Stored entries
————————

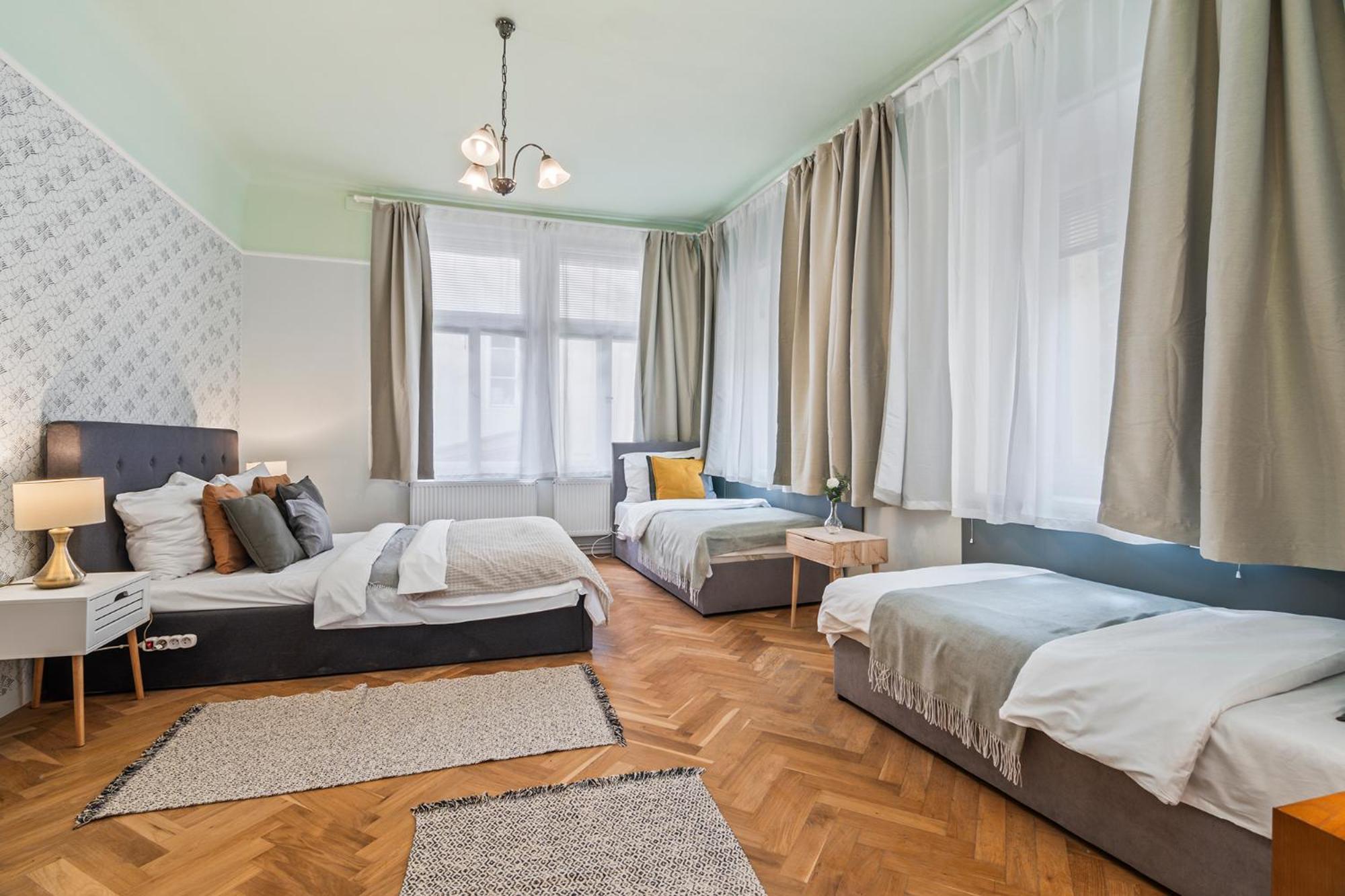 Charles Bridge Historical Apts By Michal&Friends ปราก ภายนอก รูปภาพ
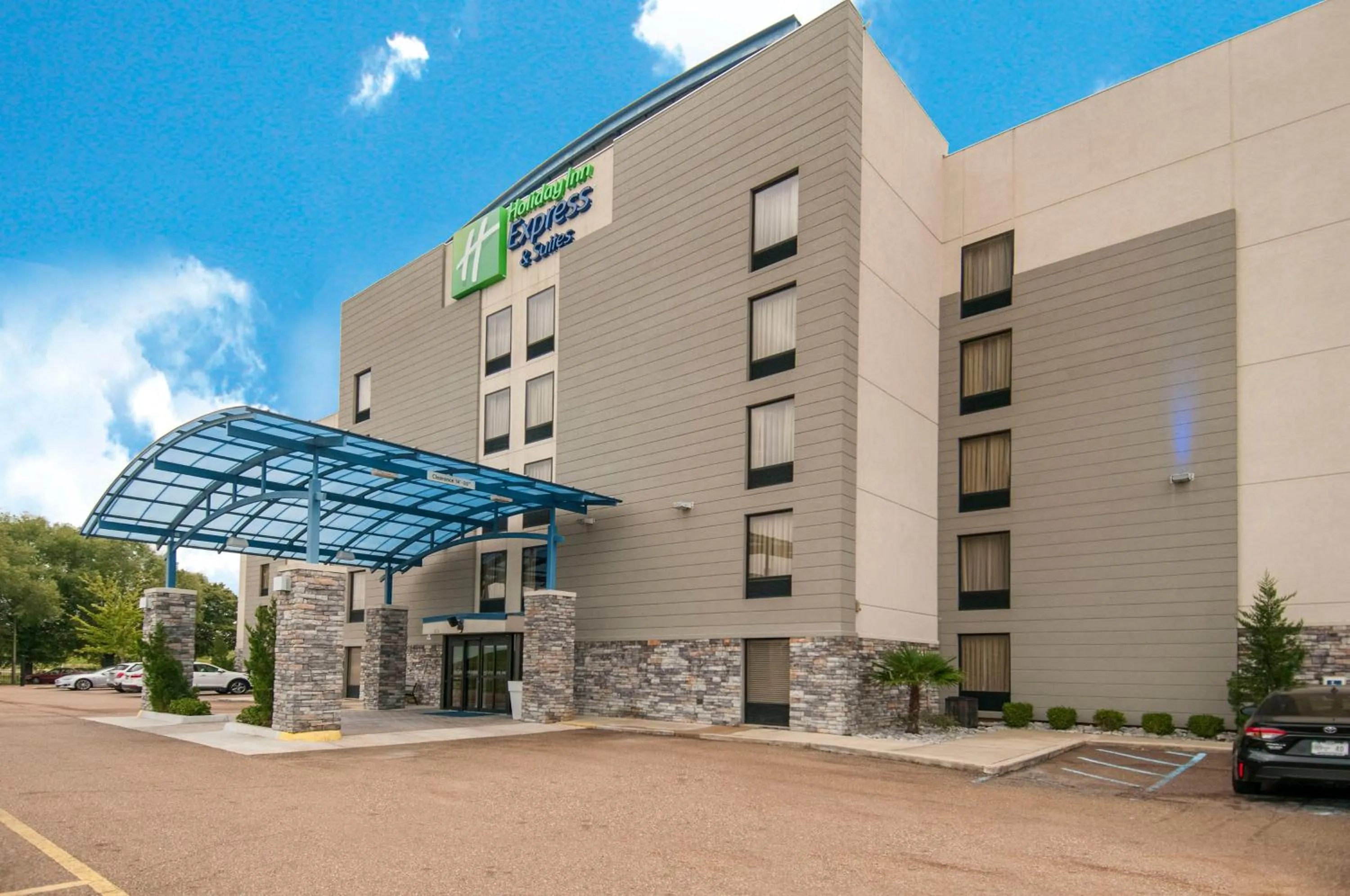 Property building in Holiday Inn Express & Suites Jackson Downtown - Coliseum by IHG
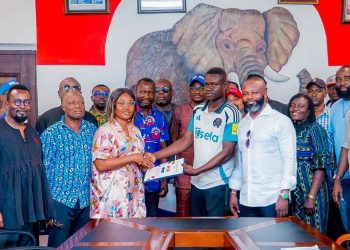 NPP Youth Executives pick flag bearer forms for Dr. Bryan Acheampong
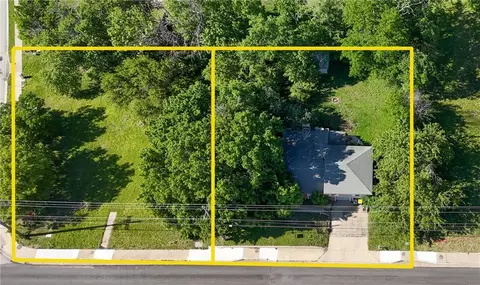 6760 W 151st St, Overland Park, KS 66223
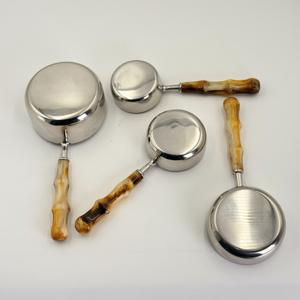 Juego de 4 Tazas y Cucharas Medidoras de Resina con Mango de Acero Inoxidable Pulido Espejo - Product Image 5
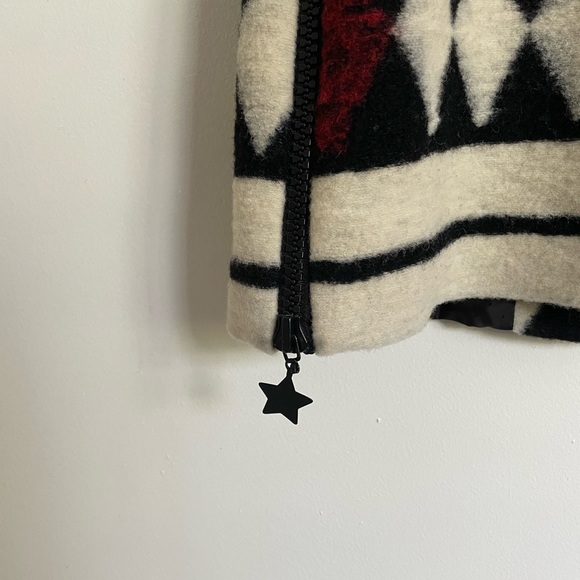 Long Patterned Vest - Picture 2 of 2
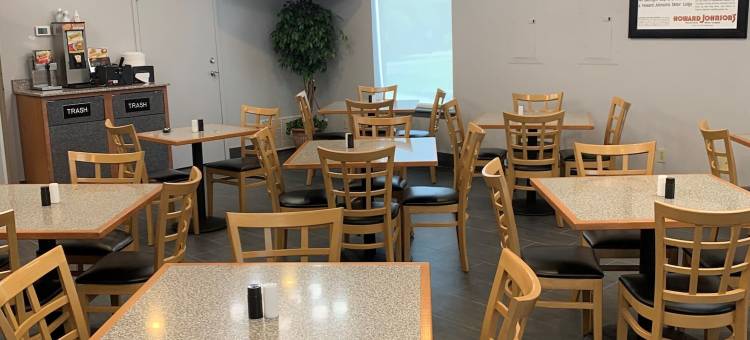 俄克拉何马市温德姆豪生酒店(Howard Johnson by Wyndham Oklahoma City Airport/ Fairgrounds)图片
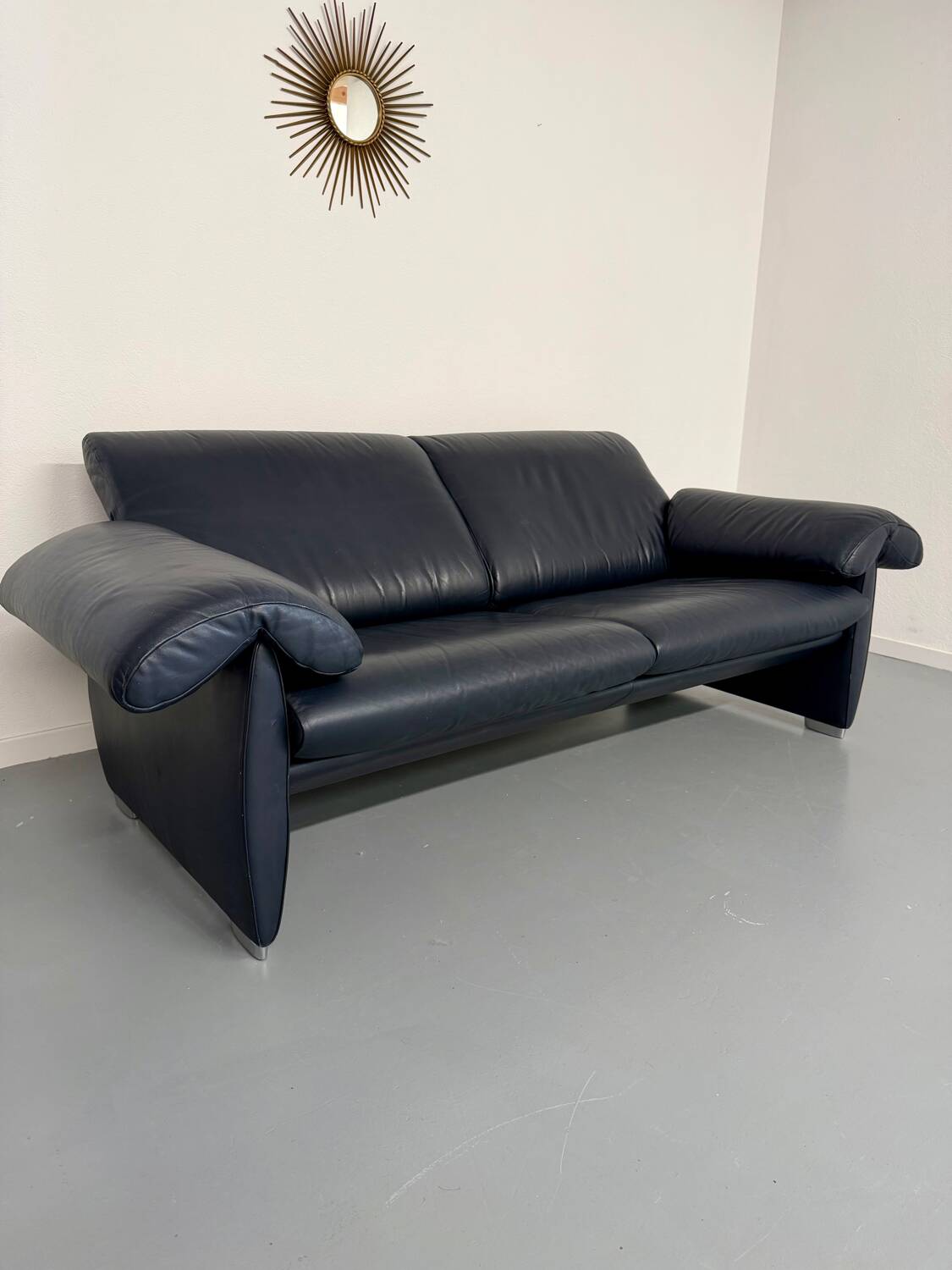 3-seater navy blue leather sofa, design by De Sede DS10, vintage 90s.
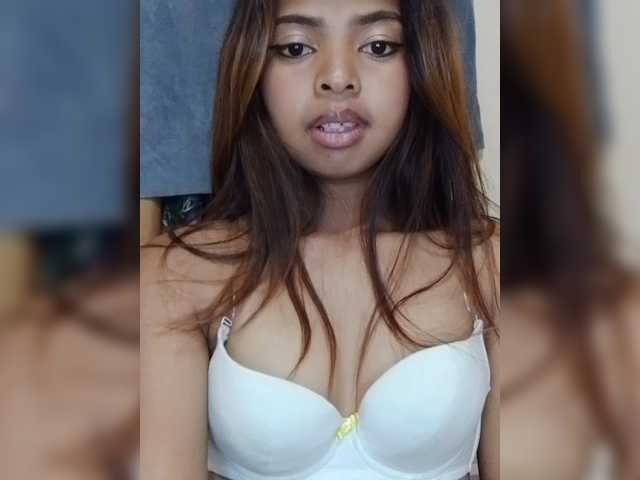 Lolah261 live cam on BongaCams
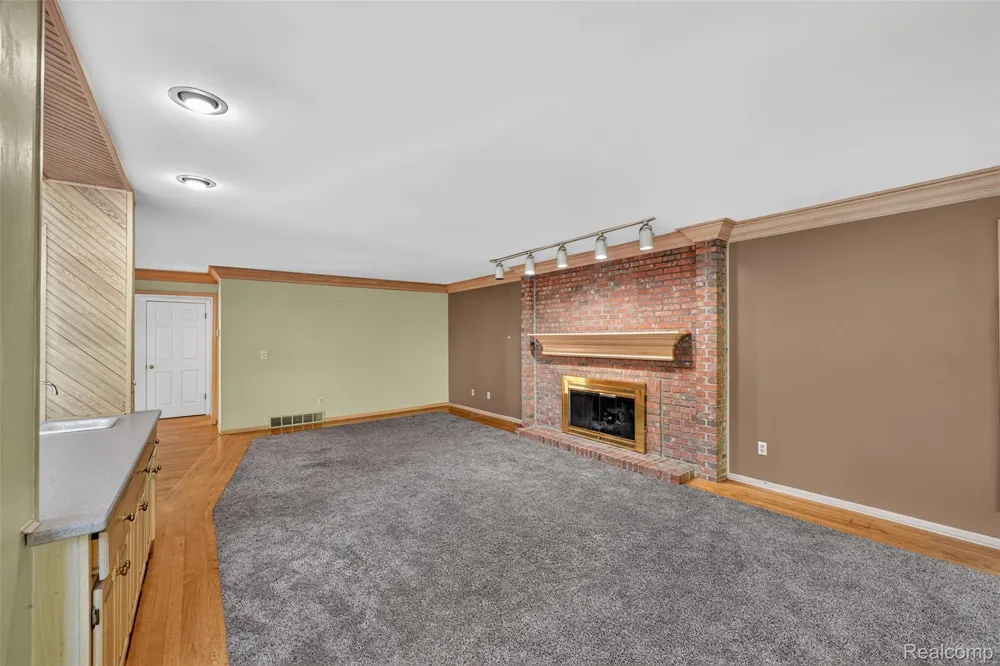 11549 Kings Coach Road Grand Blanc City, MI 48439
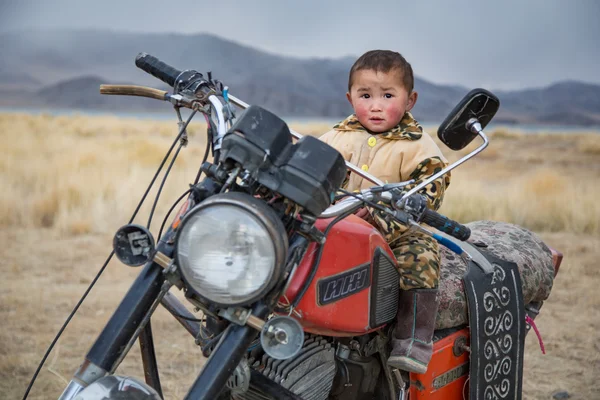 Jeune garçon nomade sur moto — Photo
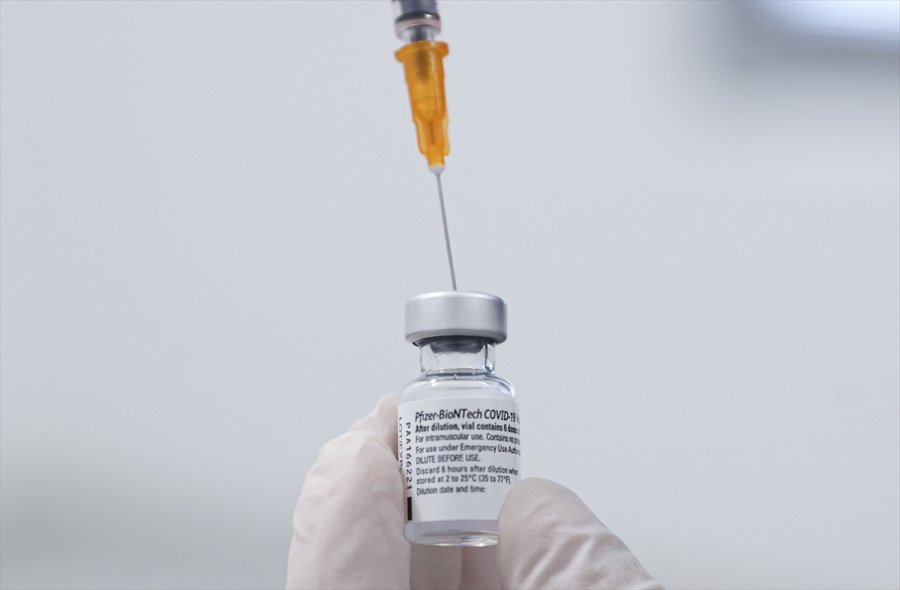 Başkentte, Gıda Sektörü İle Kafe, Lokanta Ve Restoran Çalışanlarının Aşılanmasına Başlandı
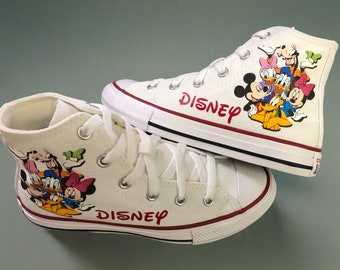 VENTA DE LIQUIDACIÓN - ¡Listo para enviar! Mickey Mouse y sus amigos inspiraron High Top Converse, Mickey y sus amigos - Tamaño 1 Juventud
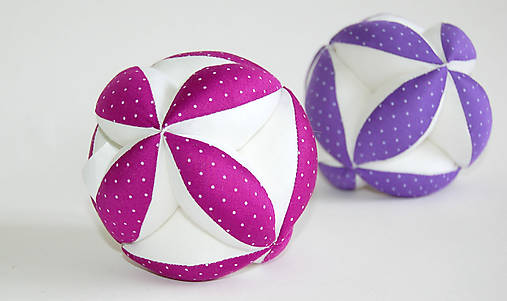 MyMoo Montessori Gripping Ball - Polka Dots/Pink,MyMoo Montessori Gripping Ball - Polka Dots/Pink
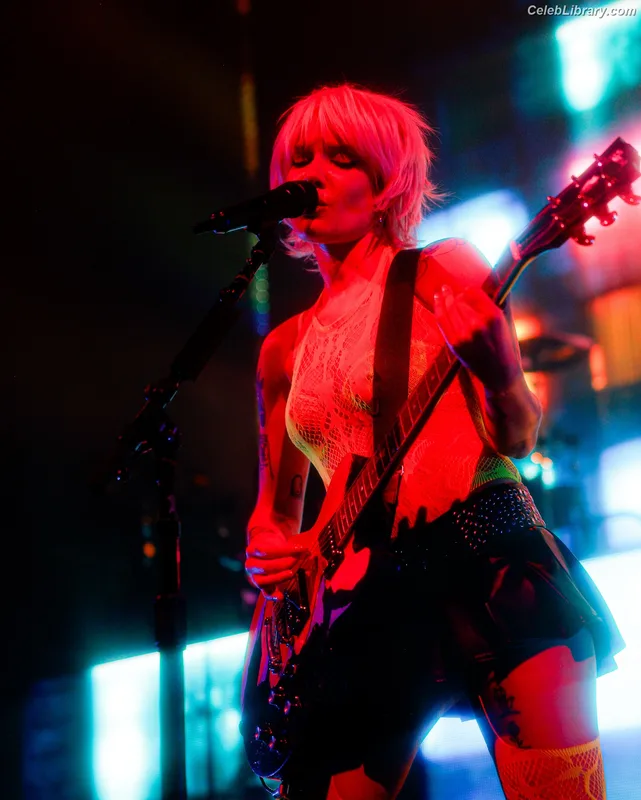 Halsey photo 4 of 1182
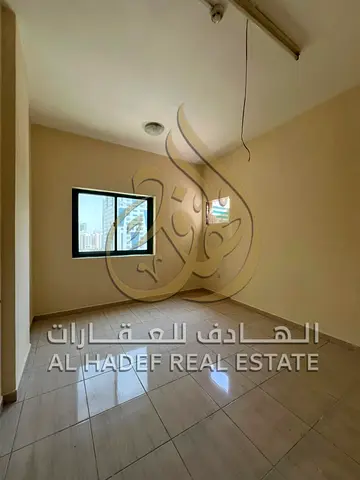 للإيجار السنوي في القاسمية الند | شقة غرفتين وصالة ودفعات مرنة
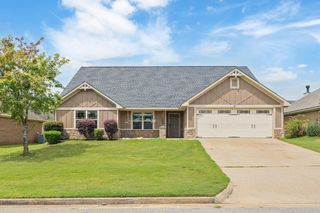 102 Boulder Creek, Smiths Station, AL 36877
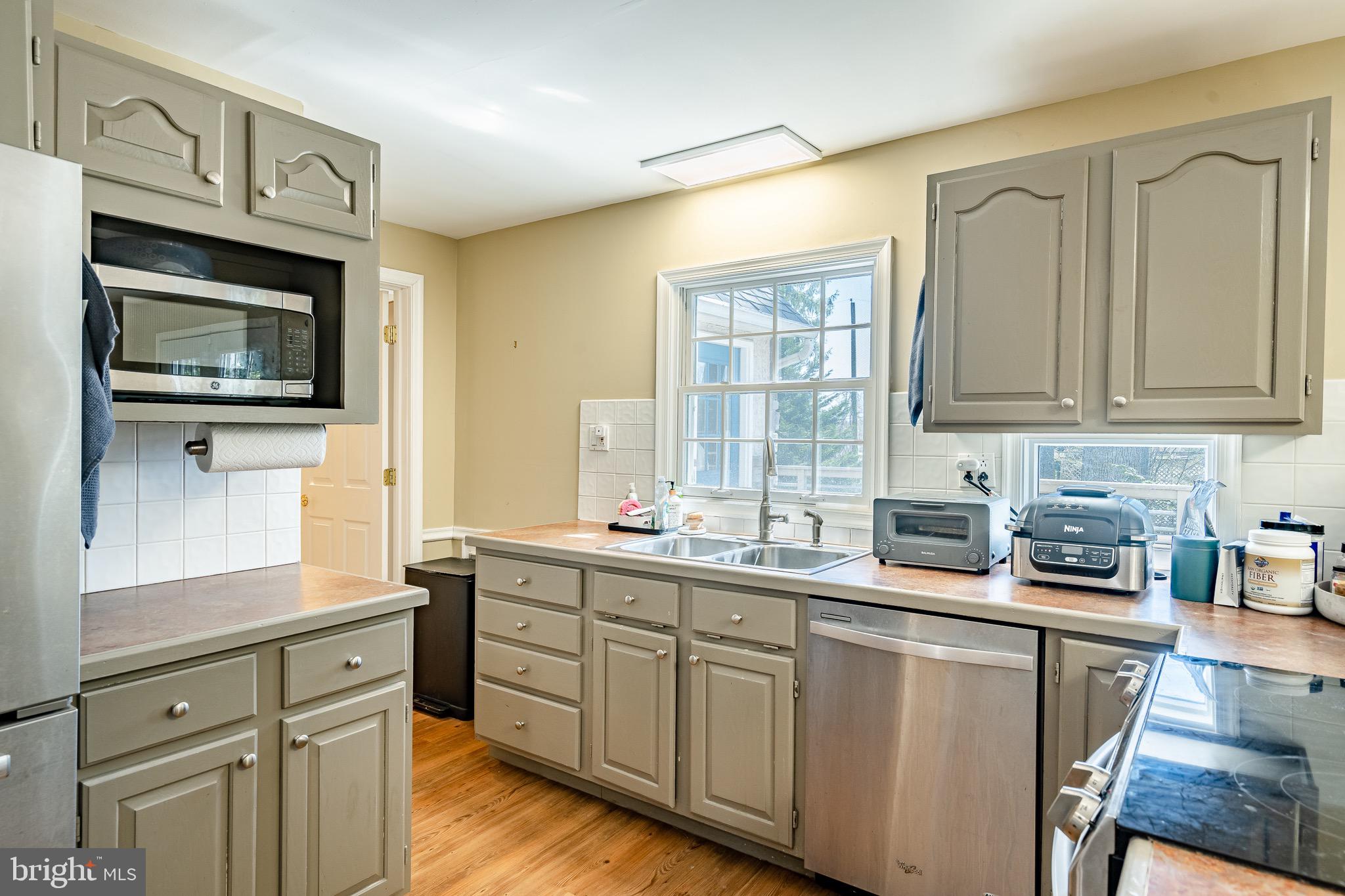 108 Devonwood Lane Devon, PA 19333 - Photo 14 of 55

————————

## Goal of the exercise
Up to and including the line with "Başkentte, Gıda Sektörü", repeat every line from the top of the entries exactly, but not the pictures.

## Written answer
 Charles Bridge Historical Apts By Michal&Friends ปราก ภายนอก รูปภาพ
 Property building in Holiday Inn Express & Suites Jackson Downtown - Coliseum by IHG
 NPP Youth Executives pick flag bearer forms for Dr. Bryan Acheampong
 6760 W 151st St, Overland Park, KS 66223
 Juego de 4 Tazas y Cucharas Medidoras de Resina con Mango de Acero Inoxidable Pulido Espejo - Product Image 5
 Long Patterned Vest - Picture 2 of 2
 俄克拉何马市温德姆豪生酒店(Howard Johnson by Wyndham Oklahoma City Airport/ Fairgrounds)图片
 3-seater navy blue leather sofa, design by De Sede DS10, vintage 90s.
 Lolah261 live cam on BongaCams
 11549 Kings Coach Road Grand Blanc City, MI 48439
 Jeune garçon nomade sur moto — Photo
 Başkentte, Gıda Sektörü İle Kafe, Lokanta Ve Restoran Çalışanlarının Aşılanmasına Başlandı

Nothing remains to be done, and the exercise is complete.